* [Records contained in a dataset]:

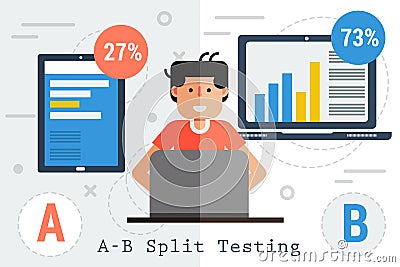 Vector A-B Split Testing - tablet and computer Vector Illustration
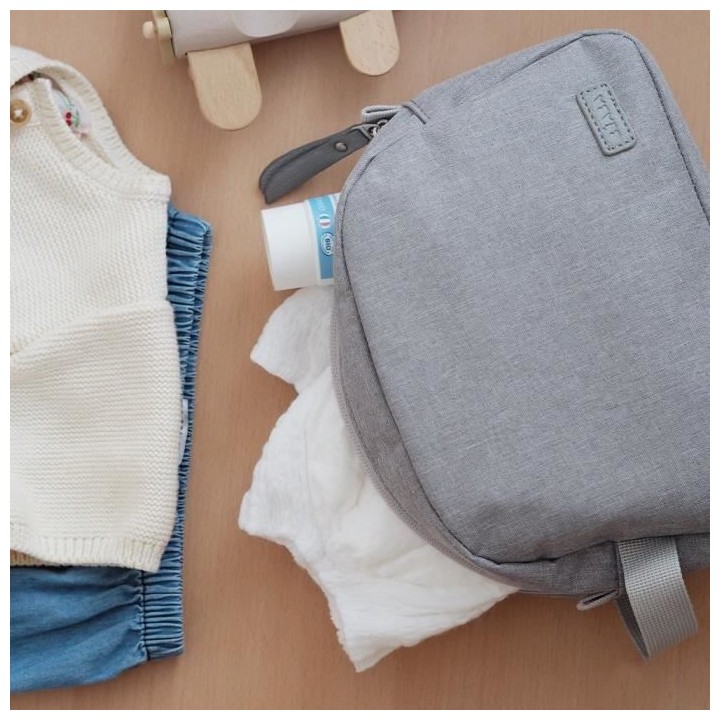 BEABA, Trousse de toilette bébé gris chiné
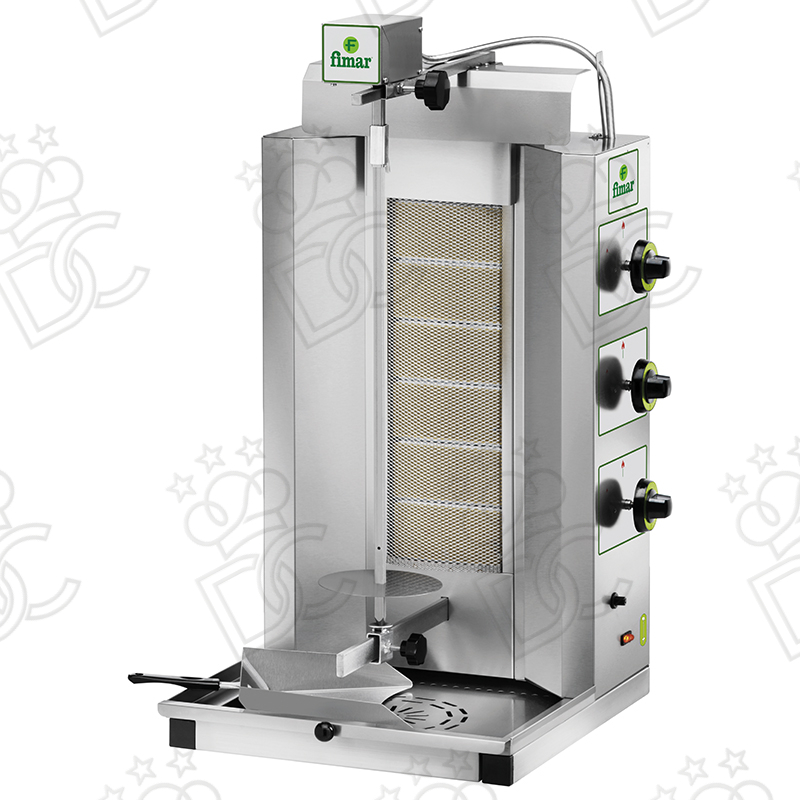 Gyros à gaz pour kebab capacité Kg. 10/30 - 6 brûleurs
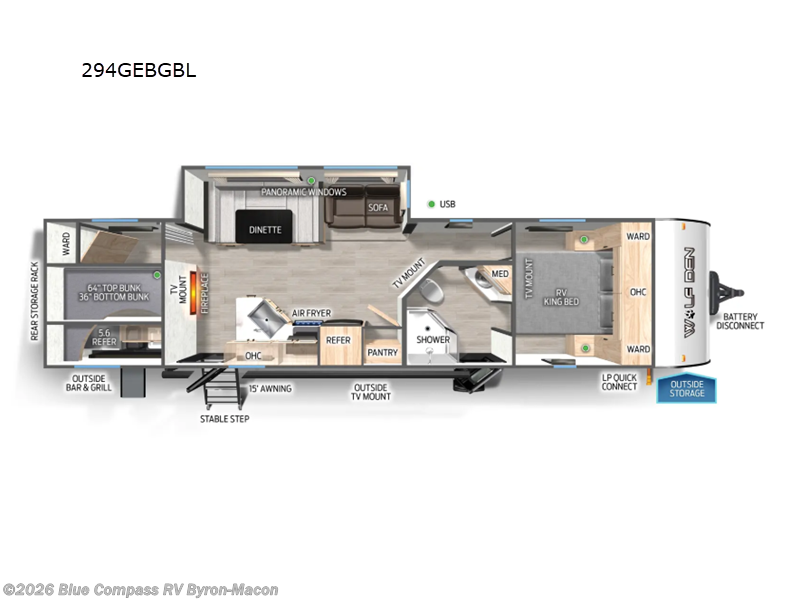 2026 Forest River Cherokee Black Label 294GEBGBL - New Travel Trailer For Sale by Blue Compass RV Byron-Macon in Byron, Georgia features Slideout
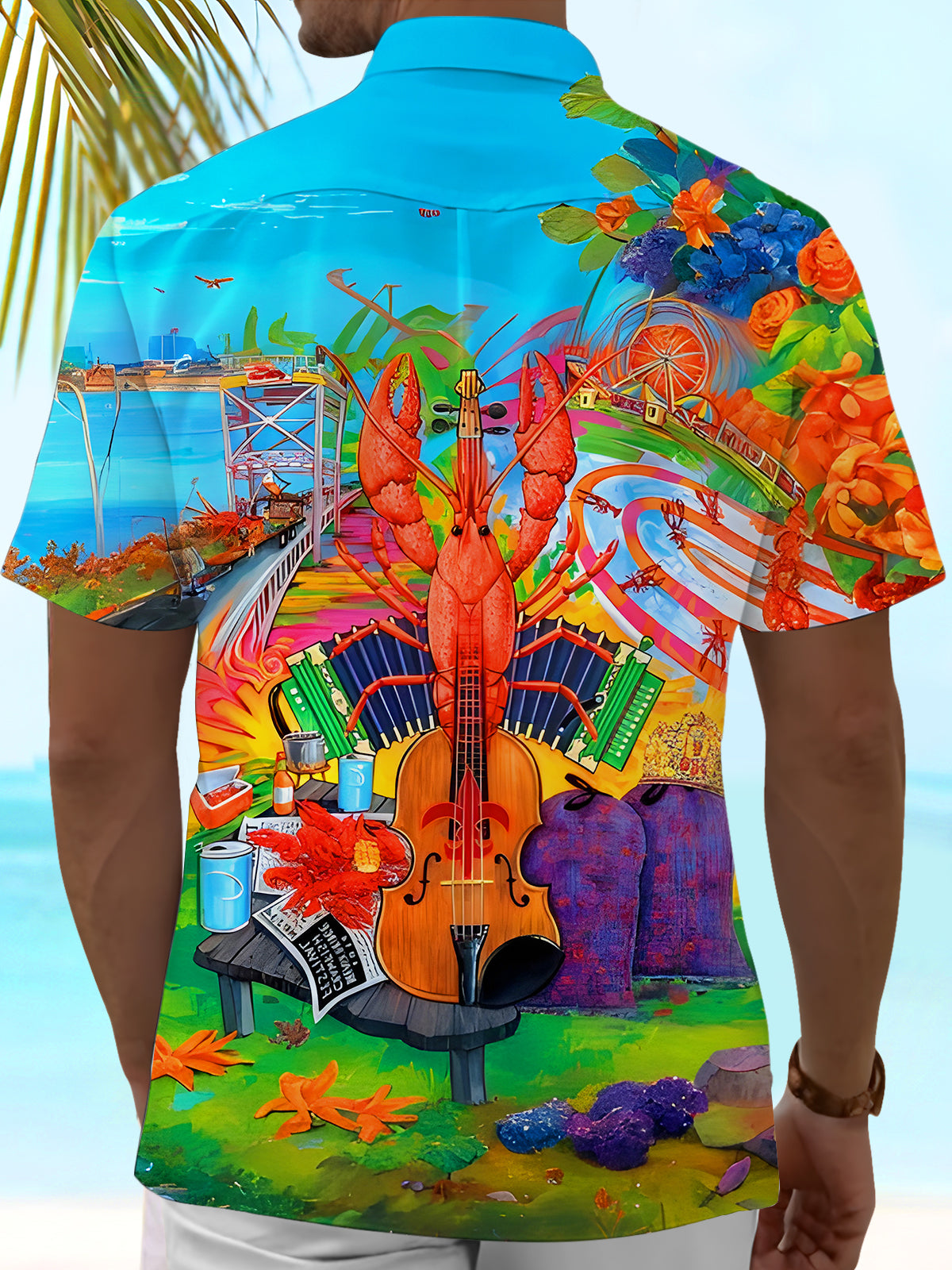 Hawaiian Crawfish Violin Accordion Art Music Men's Pocket Short Sleeve Shirts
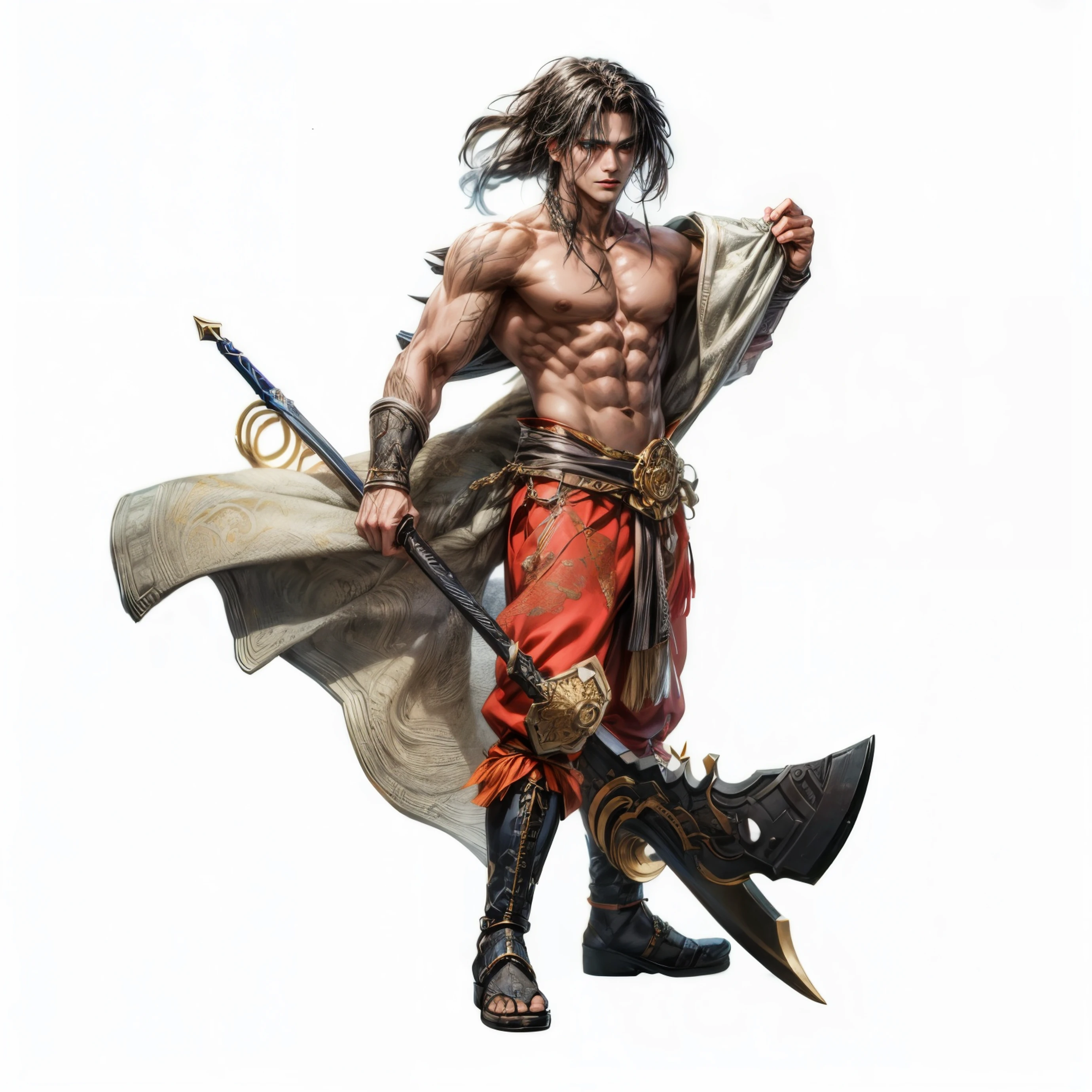 (absurdres, highres, ultra detailed, HDR), masterpiece, intricate details, best quality close-up picture of a character from suikoden, a character with handsome looks, korean face, original hair, short hair, anime blue eyes, smirking face, matured teen, tim Burton theme, topless outfit showing chest, crop top, detailed underworld town setting background, big moon scenery, detailed character, art kenouji, arafed male with a sword and a shield in his hand, 3 d render character art 8 k, barbarian, yasuke 5 0 0 px models, conan, picture of an adult male warrior, fighting game character, hybrid from dynasty warriror, ne zha from smite, male barbarian, male warrior, fantasy character octane render, barbarian warrior, highly detailed character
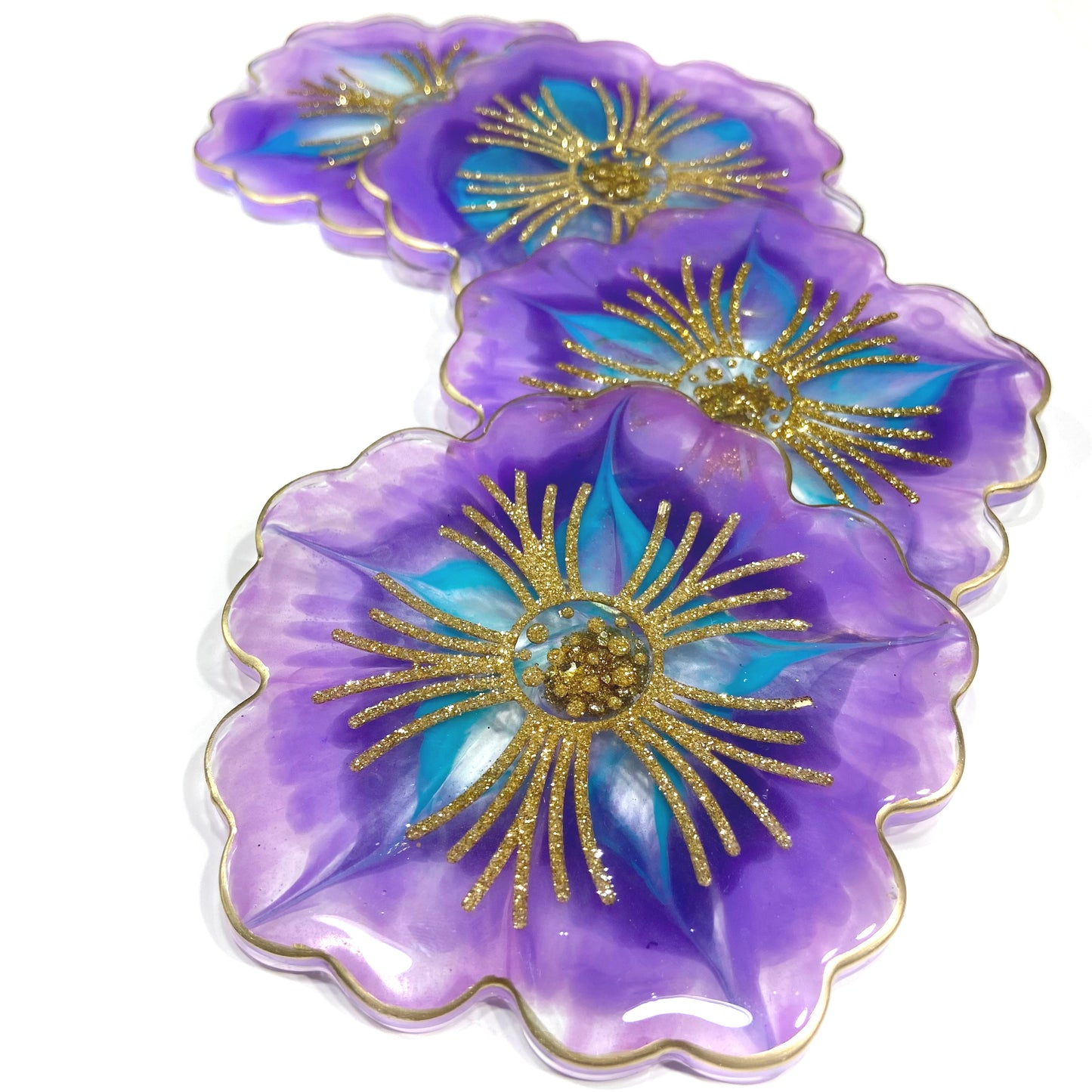Purple Resin Flower Coasters
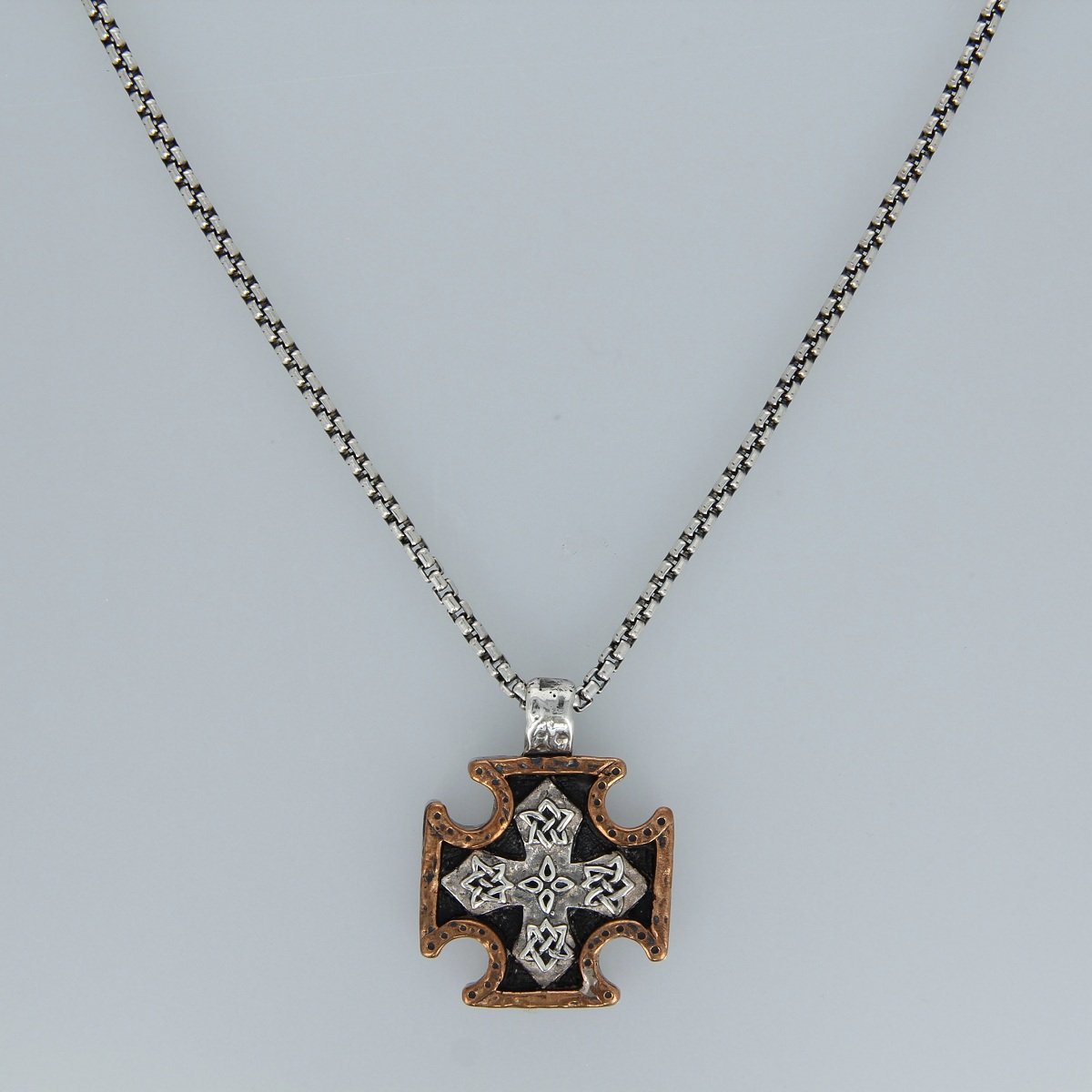 oxidized sterling silver bronze bikers cross men's necklace pendant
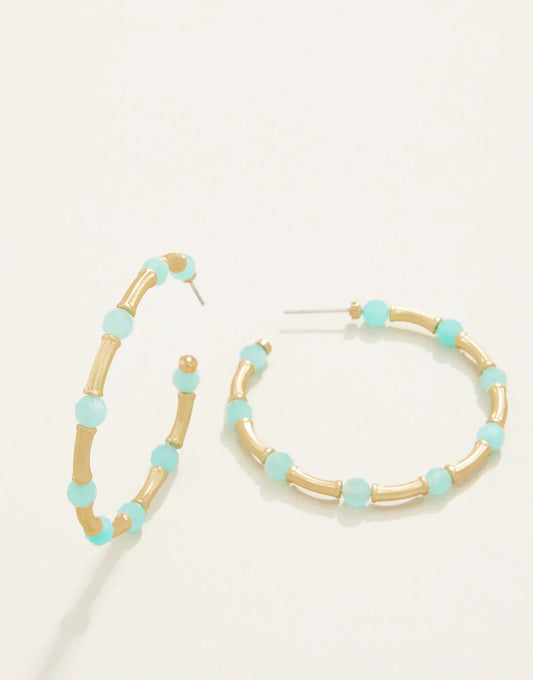 Spartina 449 Calm Waters Hoop Earrings-Amazonite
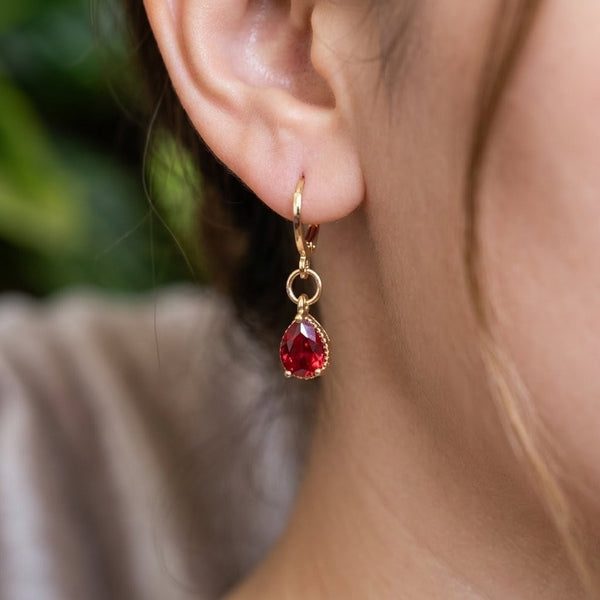 Classic Red Teardrop Dangle Earrings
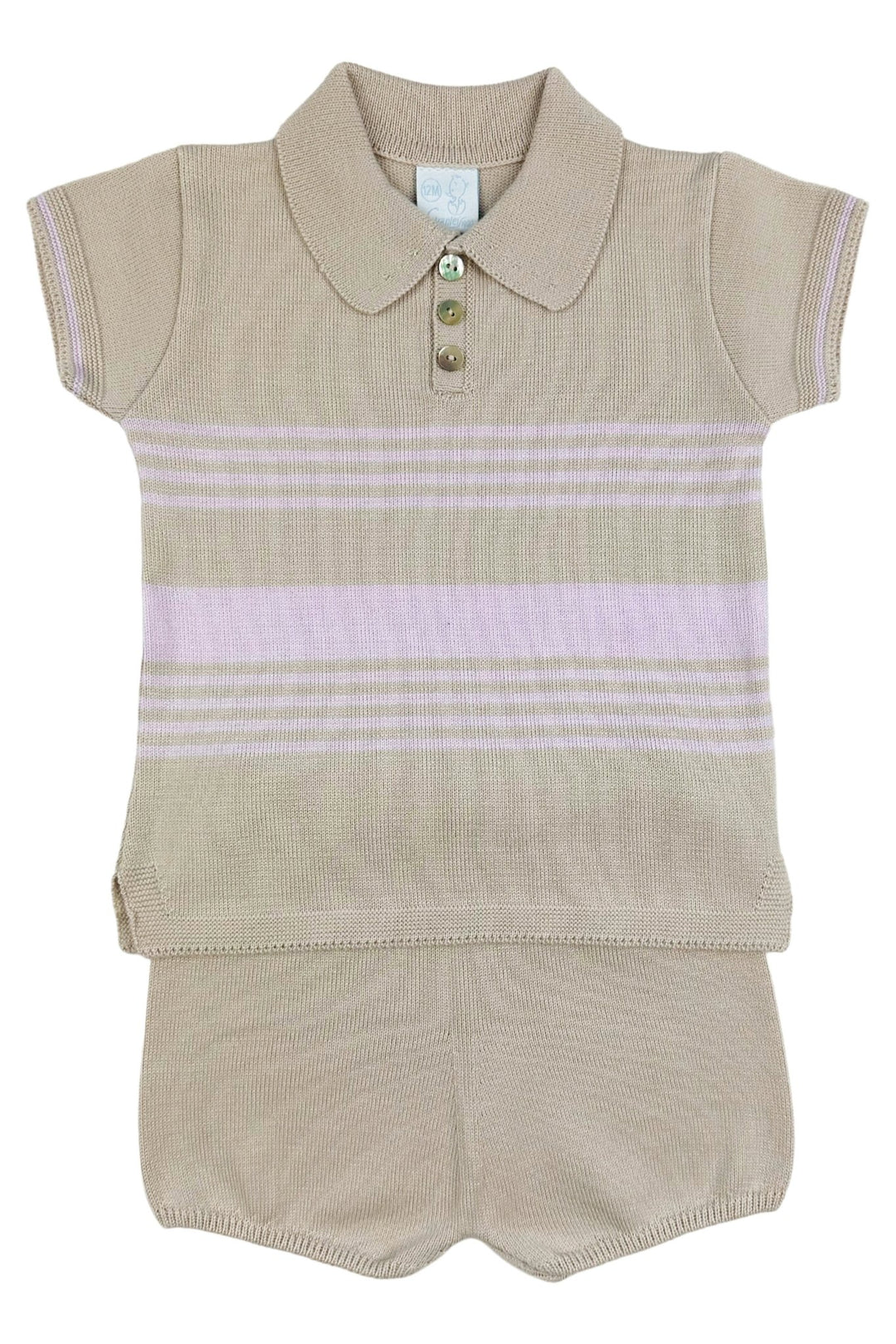 Granlei "Timmy" Stone & Lilac Stripe Knit Top & Shorts - Millie and John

* [The problem]:
Give again, word for word, the lines from the one containing "Classic Red Teardrop Dangle Earrings" through the last line of the entries, with pictures omitted and nothing added.

* [Exercise answer]:
 Classic Red Teardrop Dangle Earrings
 Granlei "Timmy" Stone & Lilac Stripe Knit Top & Shorts - Millie and John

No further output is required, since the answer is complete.